* **EXERCISE AIM**
Below are the entries. Transcribe exactly the lines from the one with "Nice Phone Cases" through the one with "Tro choi tuong", ends included, and leave out all others.

* **DATA PROVIDED**
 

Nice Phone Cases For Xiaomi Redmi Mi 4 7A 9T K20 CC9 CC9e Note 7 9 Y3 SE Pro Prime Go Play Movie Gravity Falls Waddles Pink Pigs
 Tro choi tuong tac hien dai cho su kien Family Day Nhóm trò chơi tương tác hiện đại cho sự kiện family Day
--
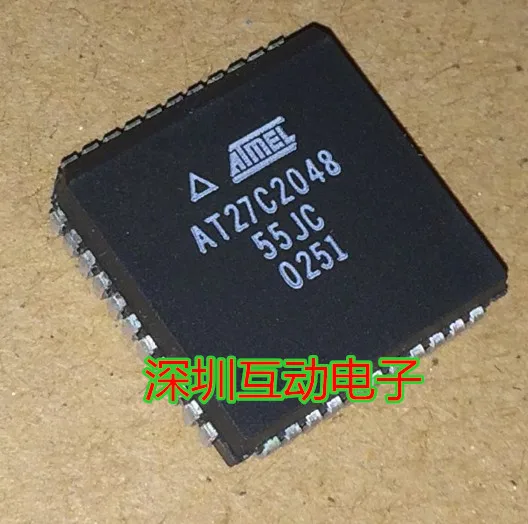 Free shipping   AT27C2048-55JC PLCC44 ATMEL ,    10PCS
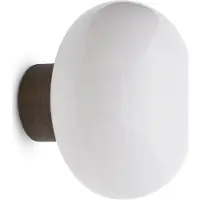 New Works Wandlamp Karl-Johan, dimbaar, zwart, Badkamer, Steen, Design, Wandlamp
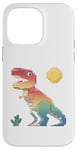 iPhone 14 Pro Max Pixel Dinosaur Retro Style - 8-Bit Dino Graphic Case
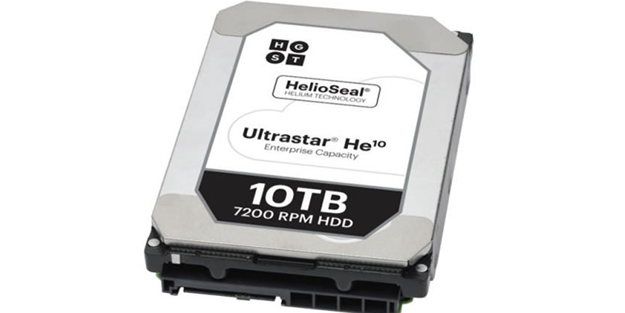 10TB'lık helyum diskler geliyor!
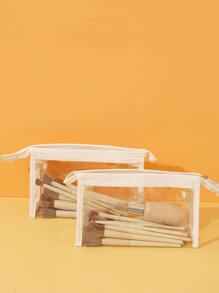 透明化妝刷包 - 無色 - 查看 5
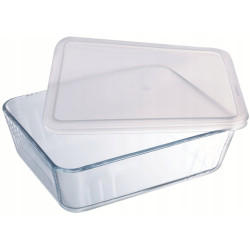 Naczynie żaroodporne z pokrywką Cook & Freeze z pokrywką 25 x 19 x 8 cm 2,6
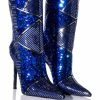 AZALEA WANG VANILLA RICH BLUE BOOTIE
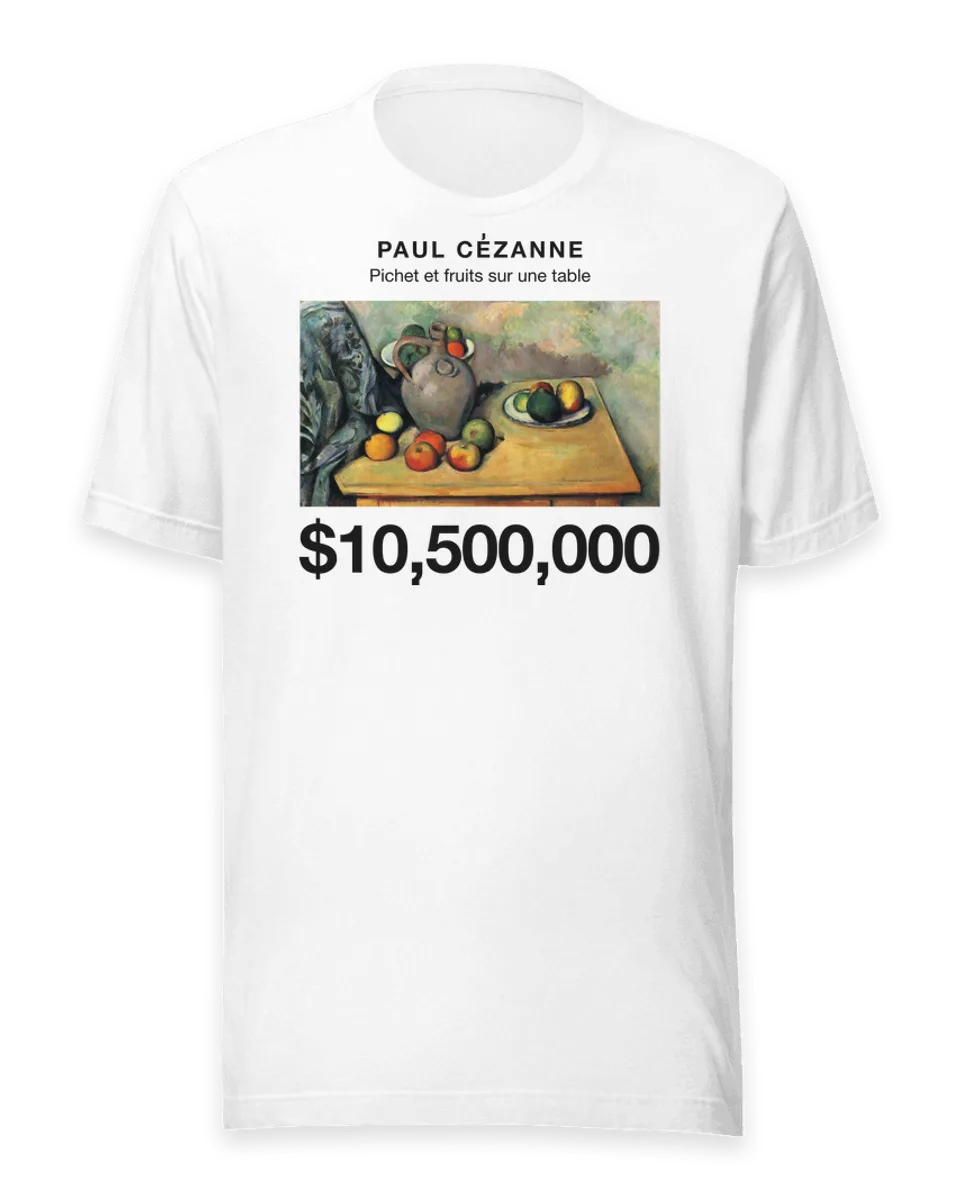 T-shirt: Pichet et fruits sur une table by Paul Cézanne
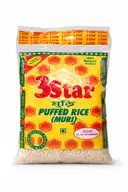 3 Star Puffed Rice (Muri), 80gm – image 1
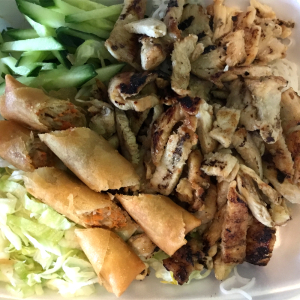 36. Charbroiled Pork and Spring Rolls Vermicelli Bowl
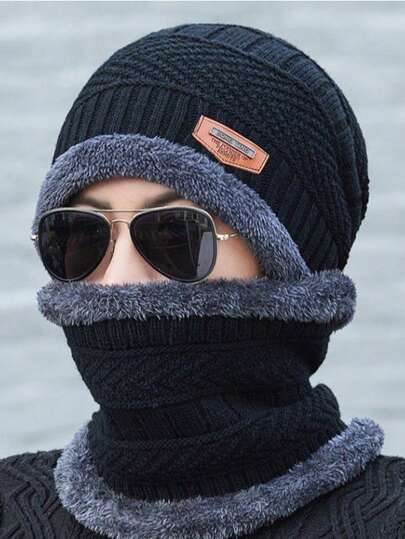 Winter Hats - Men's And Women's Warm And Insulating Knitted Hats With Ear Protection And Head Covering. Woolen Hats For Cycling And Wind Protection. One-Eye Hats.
---
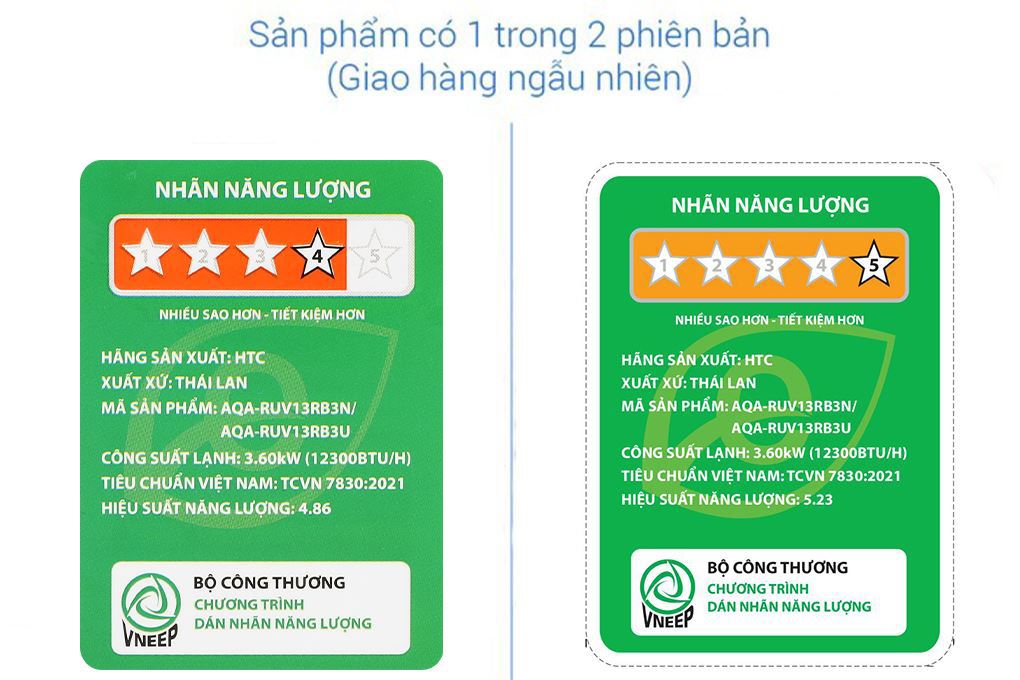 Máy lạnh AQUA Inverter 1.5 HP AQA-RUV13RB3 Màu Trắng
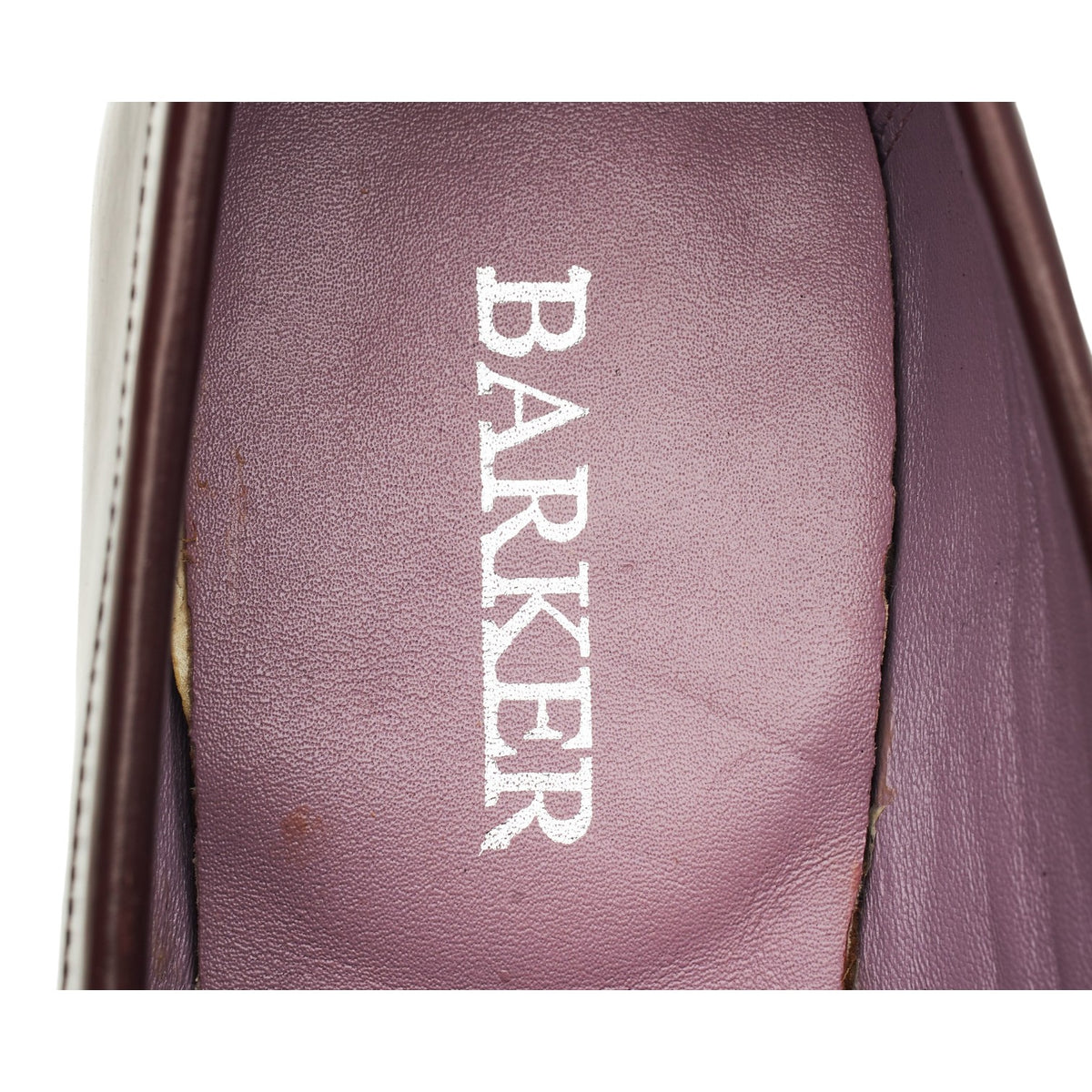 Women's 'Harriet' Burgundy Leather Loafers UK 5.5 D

* **REPLY TO THE TASK**
Nice Phone Cases For Xiaomi Redmi Mi 4 7A 9T K20 CC9 CC9e Note 7 9 Y3 SE Pro Prime Go Play Movie Gravity Falls Waddles Pink Pigs
 Tro choi tuong tac hien dai cho su kien Family Day Nhóm trò chơi tương tác hiện đại cho sự kiện family Day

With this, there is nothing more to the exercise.